A Growing Field And Shrinking Options
An October 26th New York Times article reports that the Federal Reserve has jumped into the ring of government interests now actively investigating mortgage servicing and foreclosure practices. Federal Reserve Chair, Ben Bernake has announced that an "in depth" review of the nation's largest morgage servicers' is underway, and that preliminary results should be announced next month. So, similar to the States, the federal government is looking for evidence of improper foreclosures.

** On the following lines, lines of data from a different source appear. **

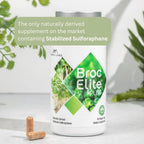 BrocElite Plus™ Broccoli Sulforaphane Extract Supplement for Immune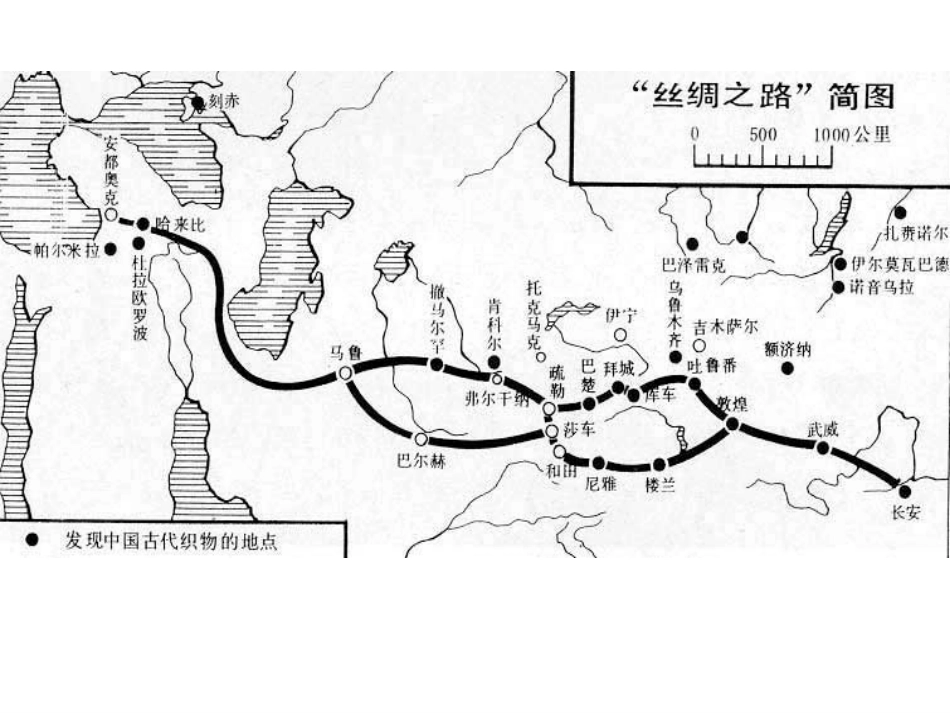 丝绸之路课件2 (2)_第3页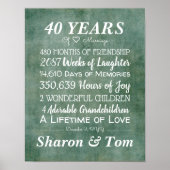 グリーンパーソナライズされたの結婚記念日のマイルストーン ポスター (正面)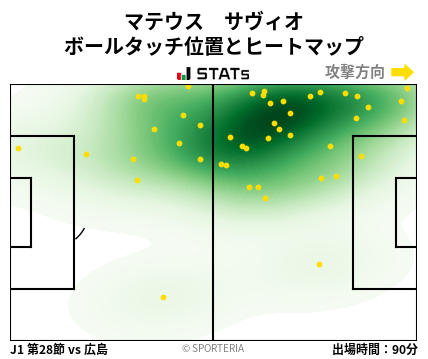 ヒートマップ - マテウス　サヴィオ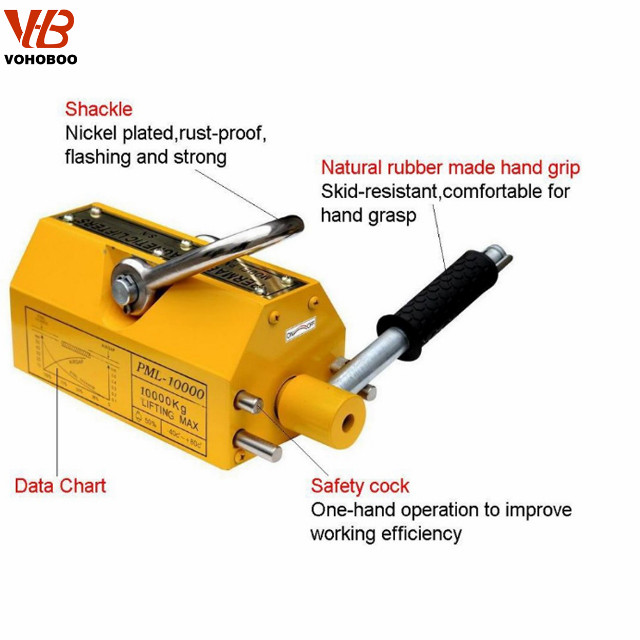 Permanent magnetic lifter - Image 2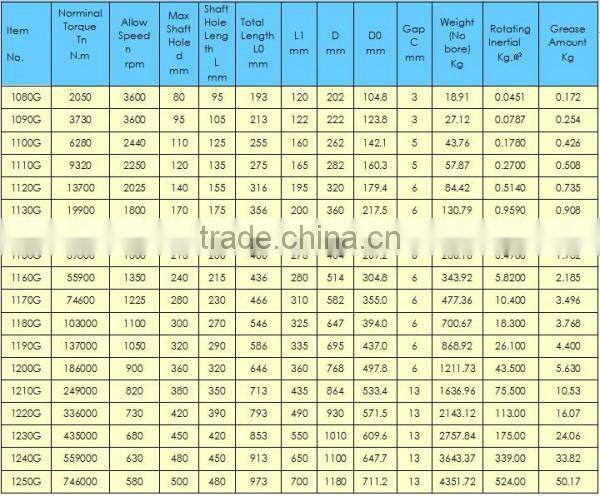 Constant Fill Fluid Coupling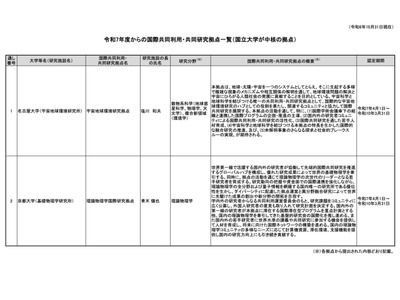 25年度からの国際共同利用・共同研究拠点…名大・京大認定 画像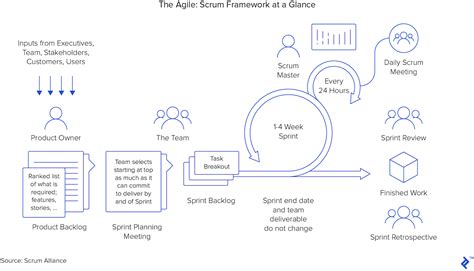 Scrum проект
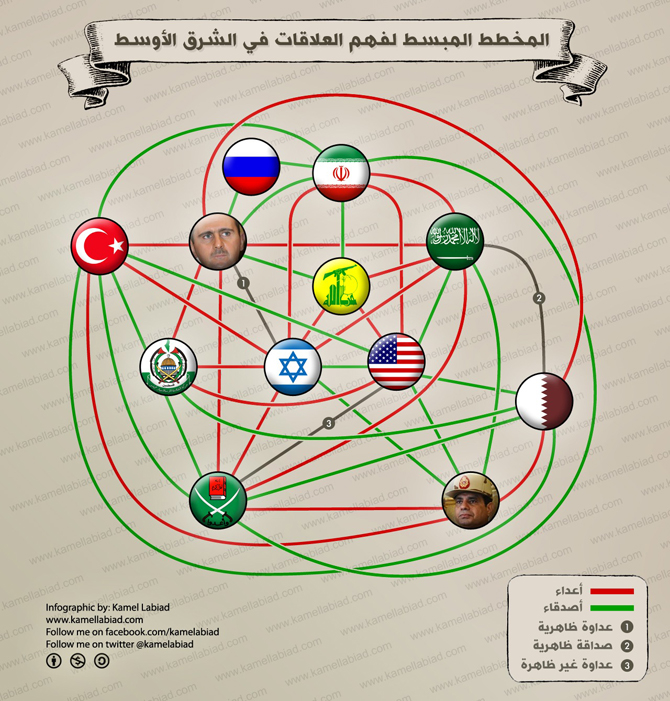 670w-middle-east-relationships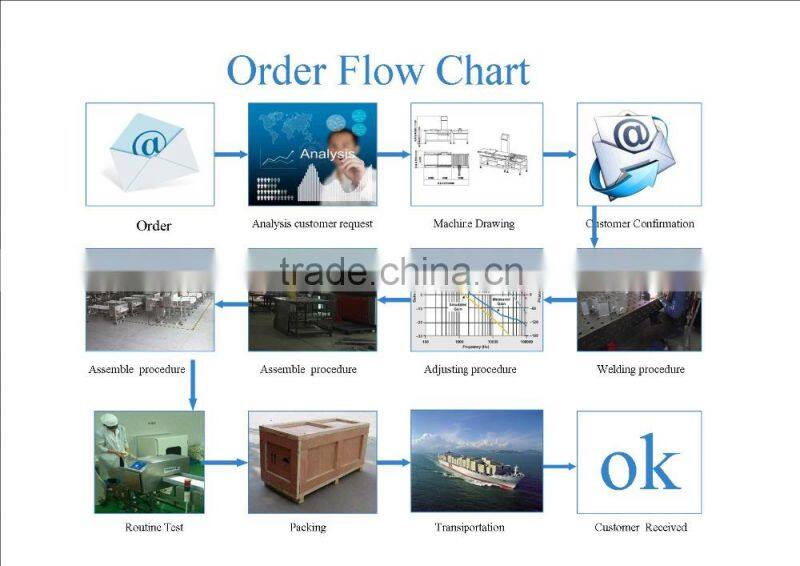 Needle metal detector
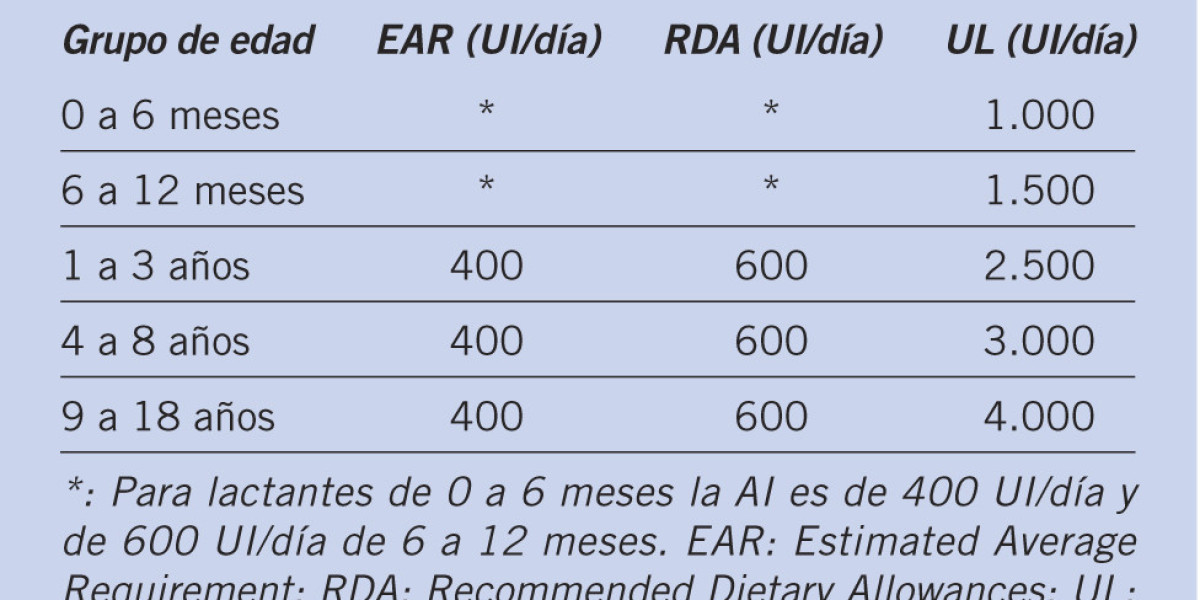 Mitos y verdades sobre el consumo de gelatina y el impacto real que tiene este alimento en la salud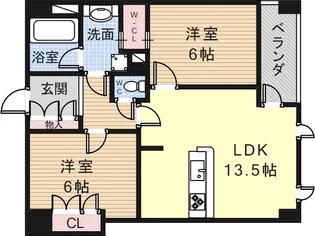 ショワジールタワー長居公園【3階】の間取り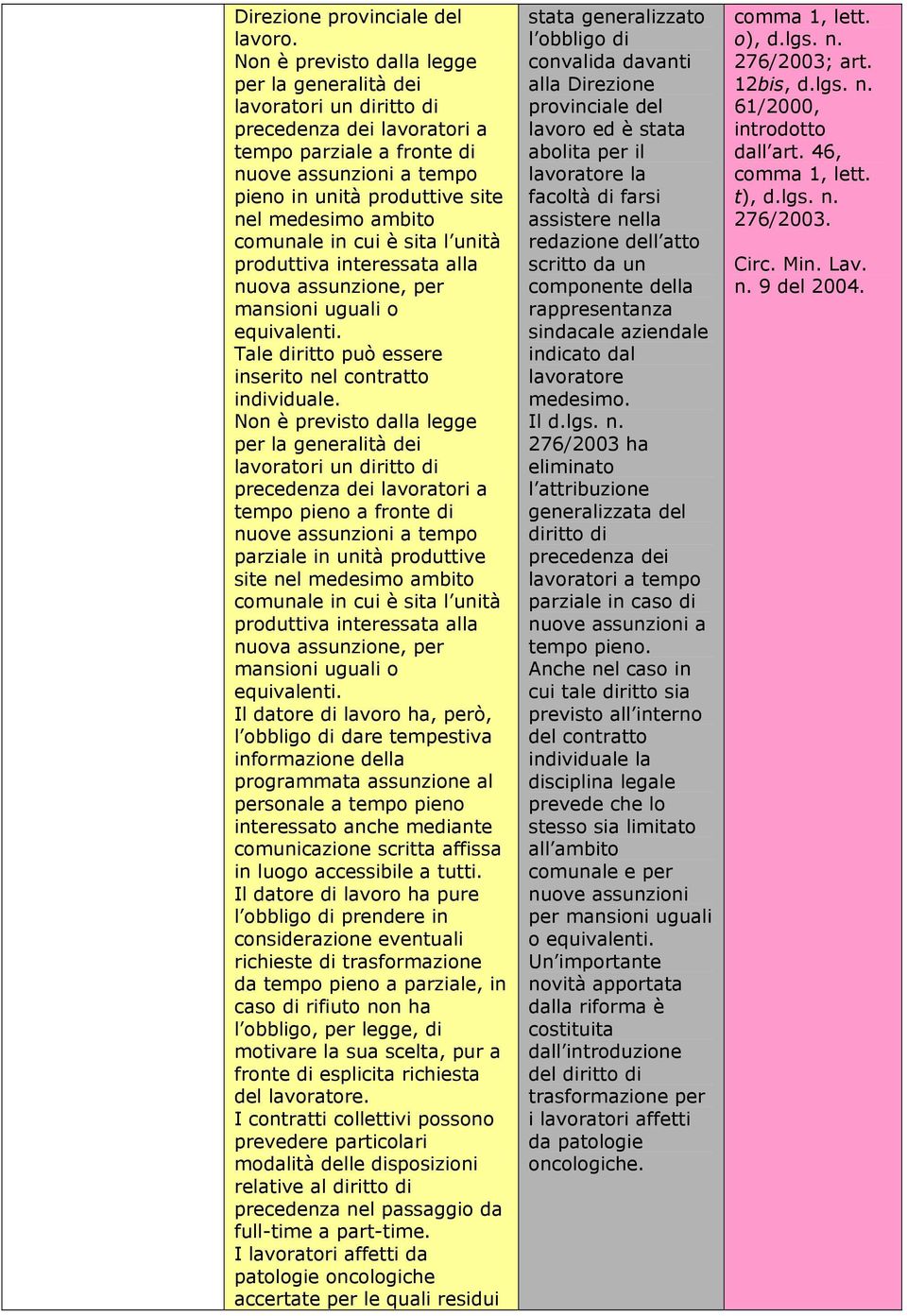 ambito comunale in cui è sita l unità produttiva interessata alla nuova assunzione, per mansioni uguali o equivalenti. Tale diritto può essere inserito nel contratto individuale.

For those keeping score, we now have a cooalition of every State Attorney General's office, scores of State banking commissioners,the Federal Reserve and HUD all investigating the same issues. And, while the State Attorneys General are fielding daily press inquiries and pressure for a foreclosure moratorium, HUD Secretary Shaun Donovan was quoted as saying that "the federal government has found no systemic issues underlying legal documents," which is a fairly astonishing comment for two reasons. First, the Fed's preliminary report is not even due out until November. Second, and more importantly, it is the first signal that there is likely to be a chasm of perspective between the feds and the State law enforcement officials that are investigating this issue. From a policy perspective, the federal government cannot allow the mortgage servicing industry to be imperiled, and a lengthy foreclosure moratorium is untenable. The scope of the related economic impact would simply be too large. Meanwhile, the States are faced with identifying an actual cooalition that must be centered on similar policy and State laws and who can work together toward a global resolution,another difficult challenge.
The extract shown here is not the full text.